▶ [Problem details]: In the data below, begin at the line with "Rosenmontagsumzug nass gemacht" and stop after the line with "LV Skate Sneaker"; output those lines exactly and no pictures.

▶ [Records shown]:
---*---

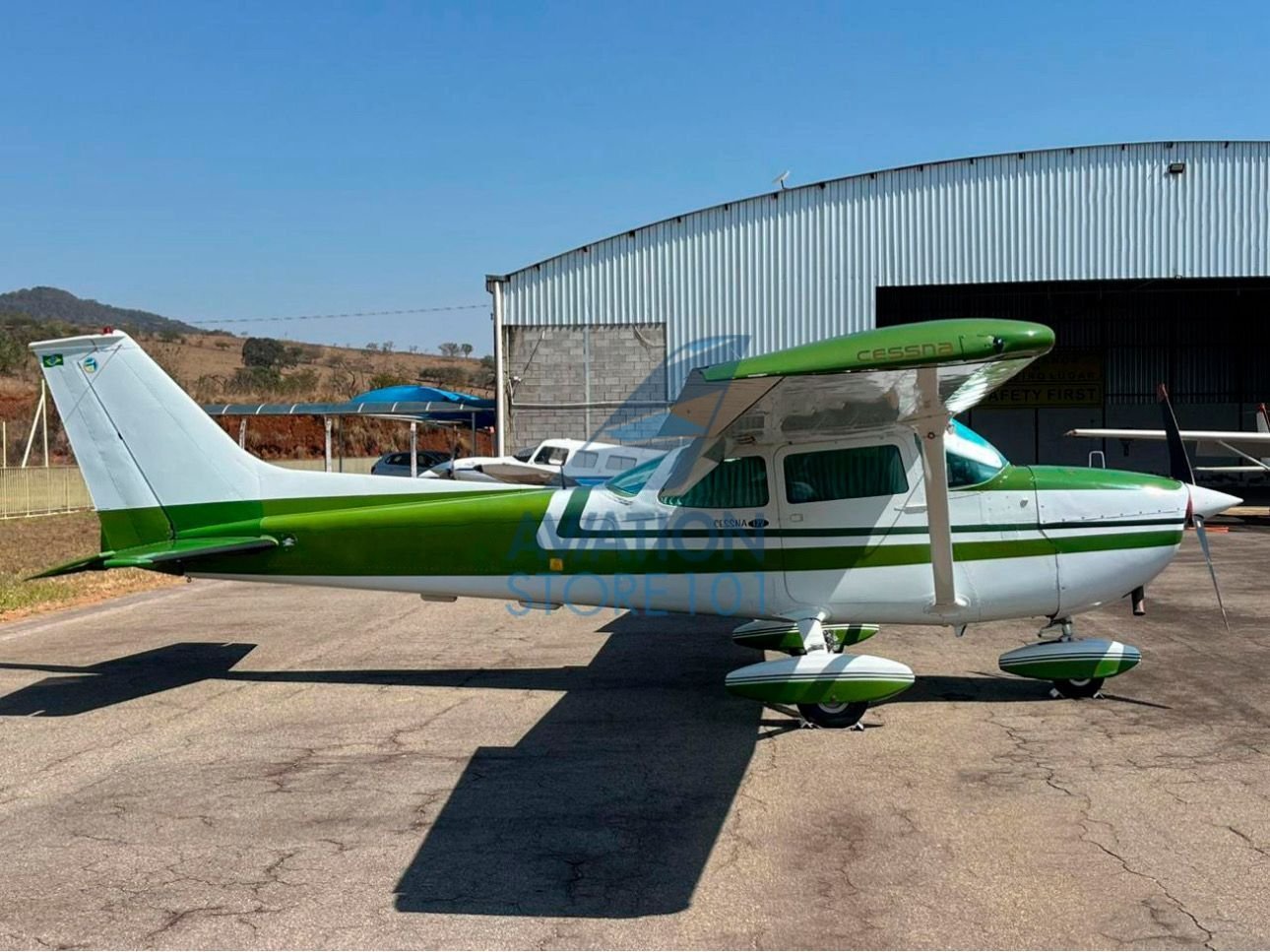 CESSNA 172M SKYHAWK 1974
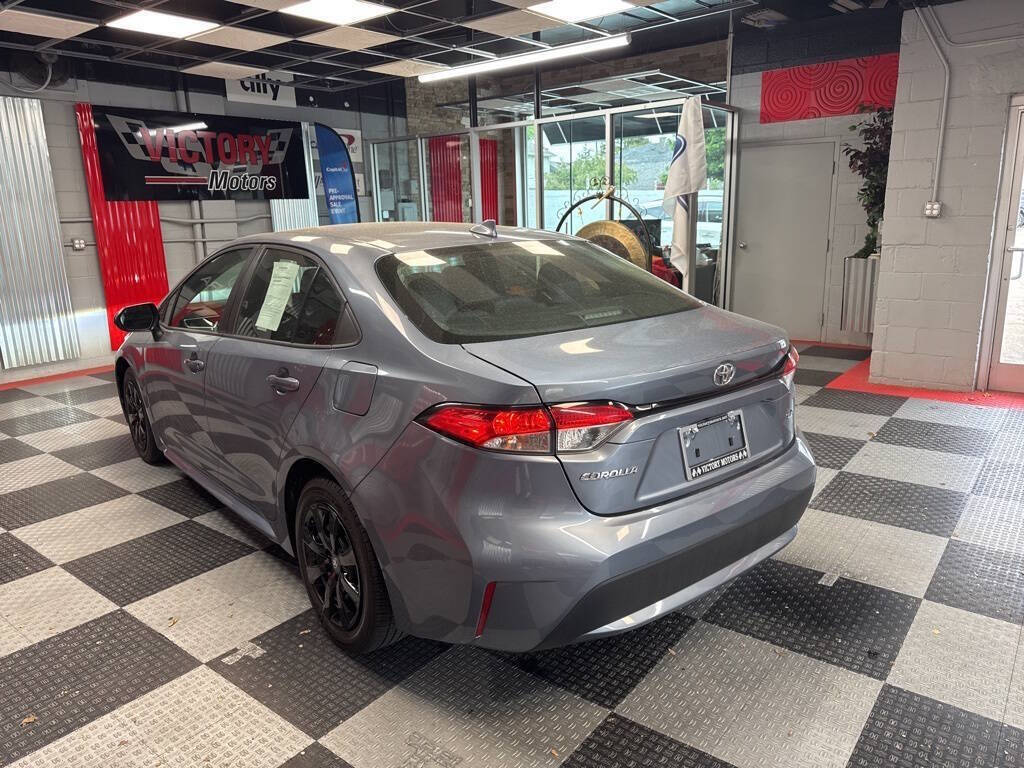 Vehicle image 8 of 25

---*---

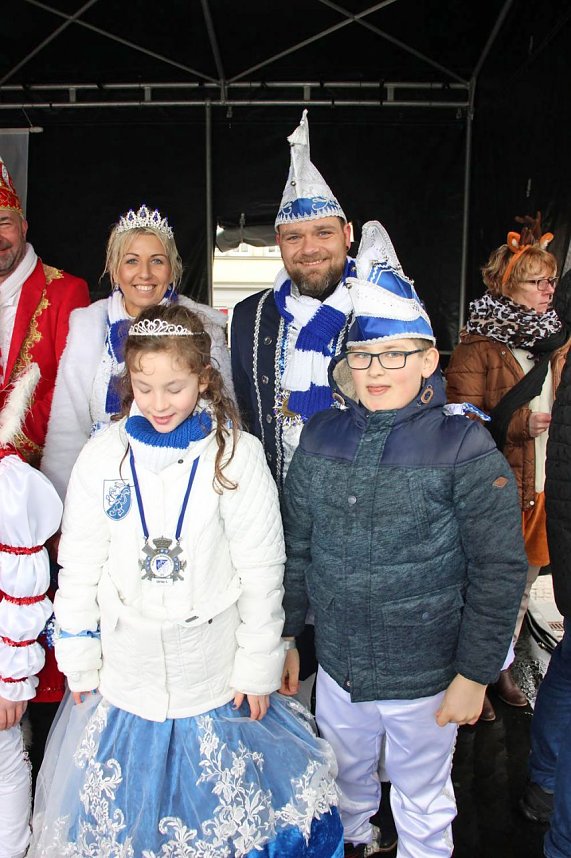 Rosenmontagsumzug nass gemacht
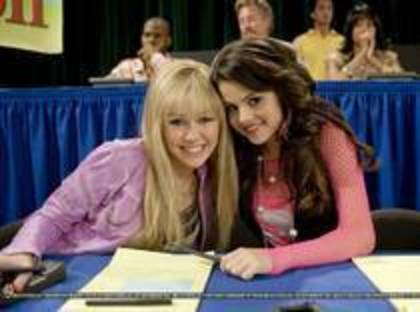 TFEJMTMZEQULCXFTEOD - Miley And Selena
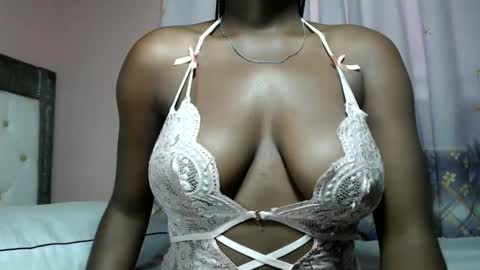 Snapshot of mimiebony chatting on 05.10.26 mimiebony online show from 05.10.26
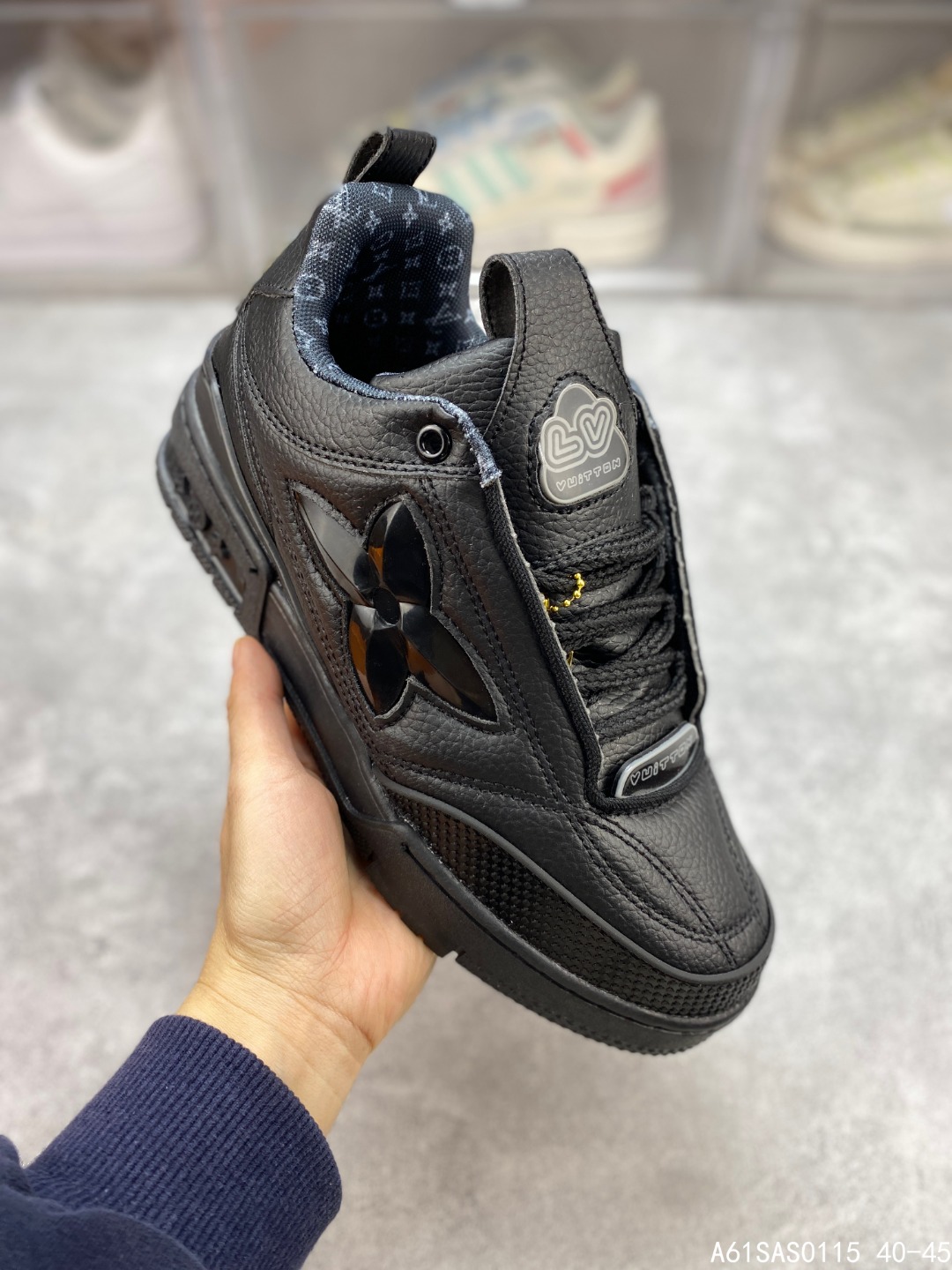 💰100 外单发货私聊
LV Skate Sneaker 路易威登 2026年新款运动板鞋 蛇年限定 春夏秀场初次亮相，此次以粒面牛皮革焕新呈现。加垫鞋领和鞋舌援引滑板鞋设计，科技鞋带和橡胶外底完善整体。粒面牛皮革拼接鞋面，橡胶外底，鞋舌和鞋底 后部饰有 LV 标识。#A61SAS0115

---*---

▶ [Answer section]:
 Rosenmontagsumzug nass gemacht
 TFEJMTMZEQULCXFTEOD - Miley And Selena
 Snapshot of mimiebony chatting on 05.10.26 mimiebony online show from 05.10.26
 💰100 外单发货私聊
LV Skate Sneaker 路易威登 2026年新款运动板鞋 蛇年限定 春夏秀场初次亮相，此次以粒面牛皮革焕新呈现。加垫鞋领和鞋舌援引滑板鞋设计，科技鞋带和橡胶外底完善整体。粒面牛皮革拼接鞋面，橡胶外底，鞋舌和鞋底 后部饰有 LV 标识。#A61SAS0115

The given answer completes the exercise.